* Problem to work on
The records that follow must be reproduced in full, exactly as written.

* Records for the task

━━━━━━━━━━━━━━━━━━━━━━━━━━━━━━

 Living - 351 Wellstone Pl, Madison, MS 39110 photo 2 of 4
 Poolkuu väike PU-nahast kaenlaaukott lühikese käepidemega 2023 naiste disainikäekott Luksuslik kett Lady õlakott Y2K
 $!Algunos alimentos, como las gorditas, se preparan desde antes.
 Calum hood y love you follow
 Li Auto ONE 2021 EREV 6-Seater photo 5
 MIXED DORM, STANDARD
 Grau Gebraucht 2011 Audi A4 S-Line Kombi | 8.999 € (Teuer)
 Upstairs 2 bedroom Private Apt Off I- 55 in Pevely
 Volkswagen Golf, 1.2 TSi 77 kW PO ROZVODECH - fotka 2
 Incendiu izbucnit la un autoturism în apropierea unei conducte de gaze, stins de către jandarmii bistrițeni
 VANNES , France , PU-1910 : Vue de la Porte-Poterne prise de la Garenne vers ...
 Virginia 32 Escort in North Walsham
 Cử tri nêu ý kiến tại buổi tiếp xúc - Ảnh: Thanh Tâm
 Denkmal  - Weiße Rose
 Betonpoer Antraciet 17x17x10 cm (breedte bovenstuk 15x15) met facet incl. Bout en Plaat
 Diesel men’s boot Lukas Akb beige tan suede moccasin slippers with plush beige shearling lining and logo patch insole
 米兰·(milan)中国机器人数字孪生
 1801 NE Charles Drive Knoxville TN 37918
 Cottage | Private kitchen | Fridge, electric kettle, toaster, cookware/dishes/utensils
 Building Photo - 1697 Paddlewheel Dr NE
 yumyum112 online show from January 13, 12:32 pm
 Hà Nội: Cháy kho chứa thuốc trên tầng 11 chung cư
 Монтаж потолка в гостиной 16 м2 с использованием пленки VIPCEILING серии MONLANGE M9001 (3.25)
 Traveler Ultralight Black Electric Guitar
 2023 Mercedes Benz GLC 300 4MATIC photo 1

━━━━━━━━━━━━━━━━━━━━━━━━━━━━━━

* Solution to this problem
 Living - 351 Wellstone Pl, Madison, MS 39110 photo 2 of 4
 Poolkuu väike PU-nahast kaenlaaukott lühikese käepidemega 2023 naiste disainikäekott Luksuslik kett Lady õlakott Y2K
 $!Algunos alimentos, como las gorditas, se preparan desde antes.
 Calum hood y love you follow
 Li Auto ONE 2021 EREV 6-Seater photo 5
 MIXED DORM, STANDARD
 Grau Gebraucht 2011 Audi A4 S-Line Kombi | 8.999 € (Teuer)
 Upstairs 2 bedroom Private Apt Off I- 55 in Pevely
 Volkswagen Golf, 1.2 TSi 77 kW PO ROZVODECH - fotka 2
 Incendiu izbucnit la un autoturism în apropierea unei conducte de gaze, stins de către jandarmii bistrițeni
 VANNES , France , PU-1910 : Vue de la Porte-Poterne prise de la Garenne vers ...
 Virginia 32 Escort in North Walsham
 Cử tri nêu ý kiến tại buổi tiếp xúc - Ảnh: Thanh Tâm
 Denkmal  - Weiße Rose
 Betonpoer Antraciet 17x17x10 cm (breedte bovenstuk 15x15) met facet incl. Bout en Plaat
 Diesel men’s boot Lukas Akb beige tan suede moccasin slippers with plush beige shearling lining and logo patch insole
 米兰·(milan)中国机器人数字孪生
 1801 NE Charles Drive Knoxville TN 37918
 Cottage | Private kitchen | Fridge, electric kettle, toaster, cookware/dishes/utensils
 Building Photo - 1697 Paddlewheel Dr NE
 yumyum112 online show from January 13, 12:32 pm
 Hà Nội: Cháy kho chứa thuốc trên tầng 11 chung cư
 Монтаж потолка в гостиной 16 м2 с использованием пленки VIPCEILING серии MONLANGE M9001 (3.25)
 Traveler Ultralight Black Electric Guitar
 2023 Mercedes Benz GLC 300 4MATIC photo 1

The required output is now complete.